» Data excerpts:
------------------------------------------------------------

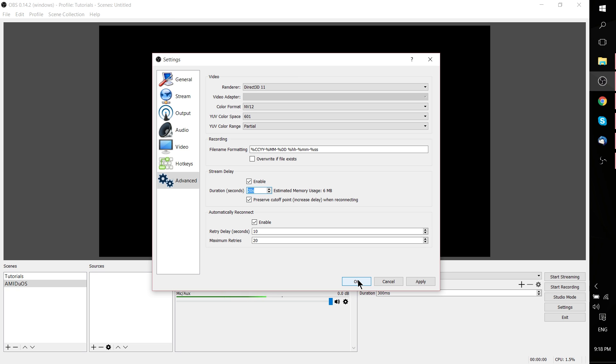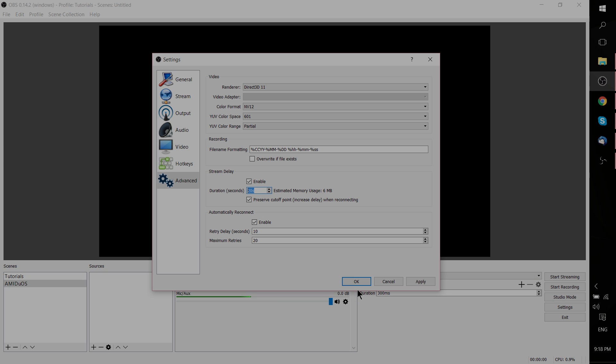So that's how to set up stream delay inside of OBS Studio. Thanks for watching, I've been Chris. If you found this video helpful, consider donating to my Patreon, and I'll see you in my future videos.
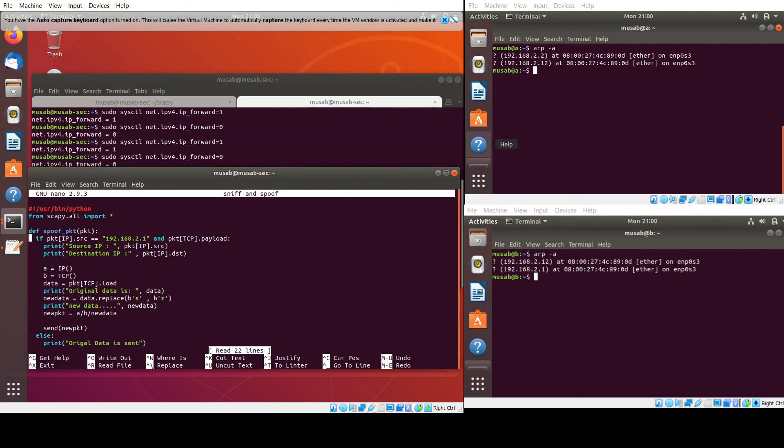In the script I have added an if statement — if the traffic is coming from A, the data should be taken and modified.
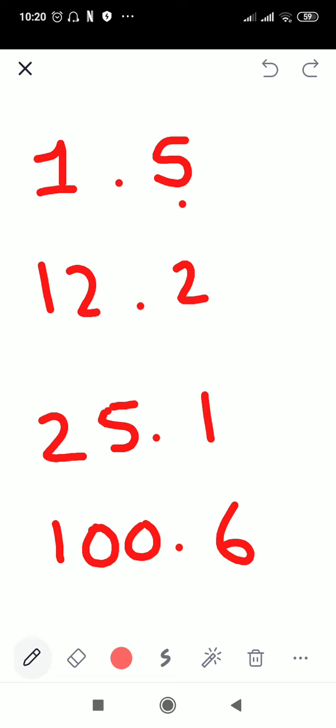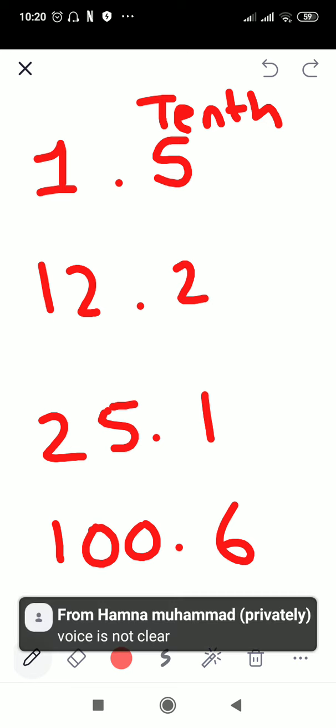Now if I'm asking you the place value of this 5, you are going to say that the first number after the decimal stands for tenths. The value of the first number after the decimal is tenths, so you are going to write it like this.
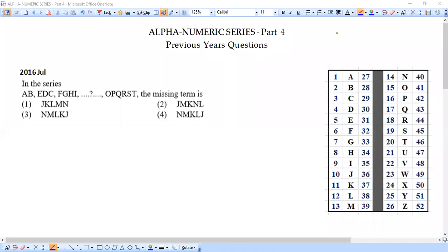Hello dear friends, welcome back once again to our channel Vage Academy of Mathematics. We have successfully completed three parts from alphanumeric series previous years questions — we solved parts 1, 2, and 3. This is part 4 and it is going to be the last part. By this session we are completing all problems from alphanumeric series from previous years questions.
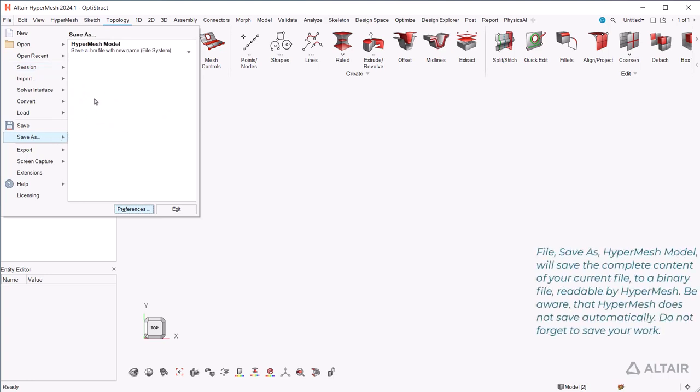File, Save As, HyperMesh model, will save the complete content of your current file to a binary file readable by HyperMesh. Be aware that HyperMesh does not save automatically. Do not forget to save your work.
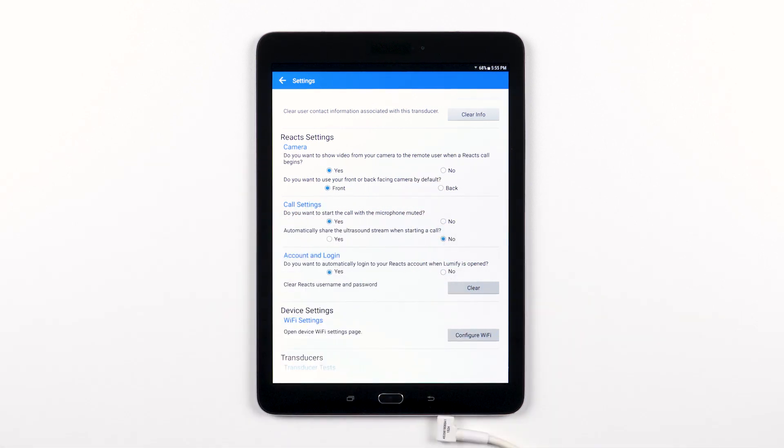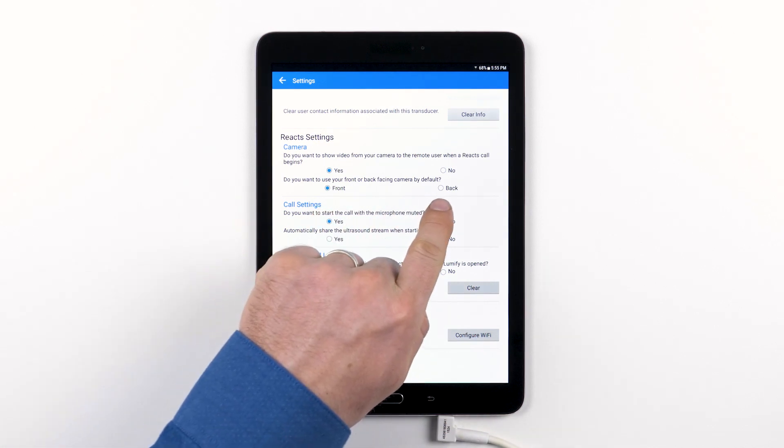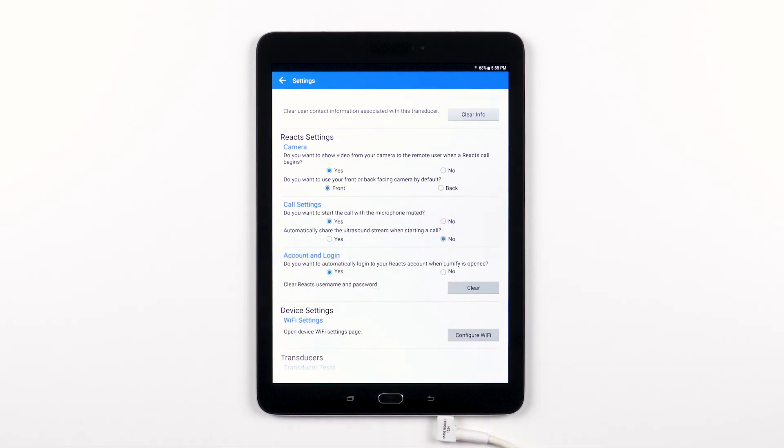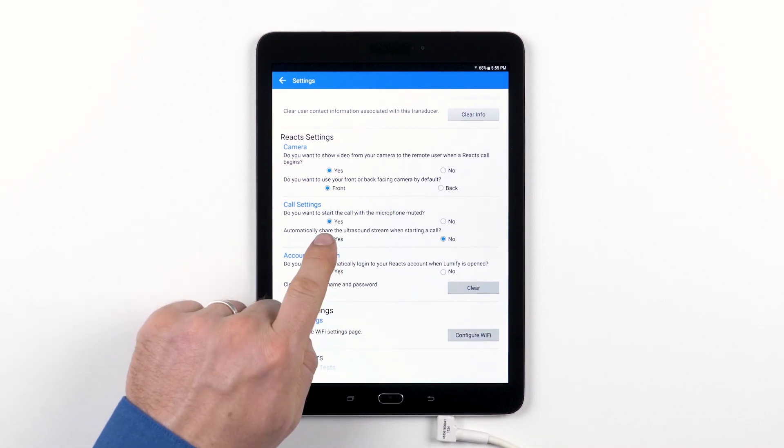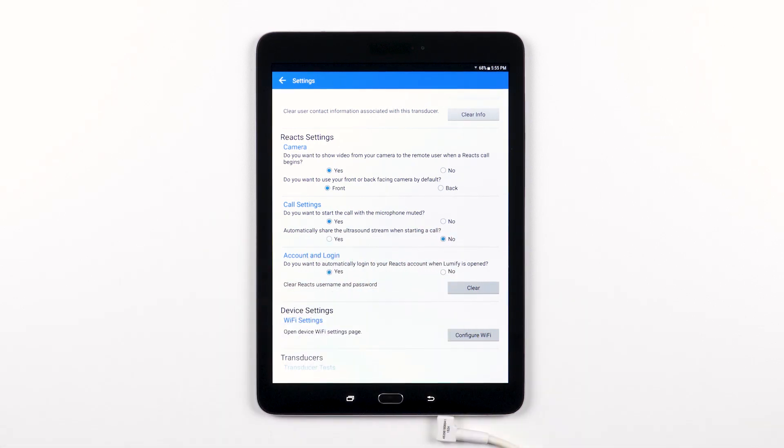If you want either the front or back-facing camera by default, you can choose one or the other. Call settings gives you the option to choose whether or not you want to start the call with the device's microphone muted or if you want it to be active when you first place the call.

------------------------------------------------------------

» BRIEF: Nothing but the lines above from the line with "In the script" up to and including the line with "Now if I'm asking" should be returned, exactly as written and without pictures.

» WRITTEN RESPONSE:
In the script I have added an if statement — if the traffic is coming from A, the data should be taken and modified.
Now if I'm asking you the place value of this 5, you are going to say that the first number after the decimal stands for tenths. The value of the first number after the decimal is tenths, so you are going to write it like this.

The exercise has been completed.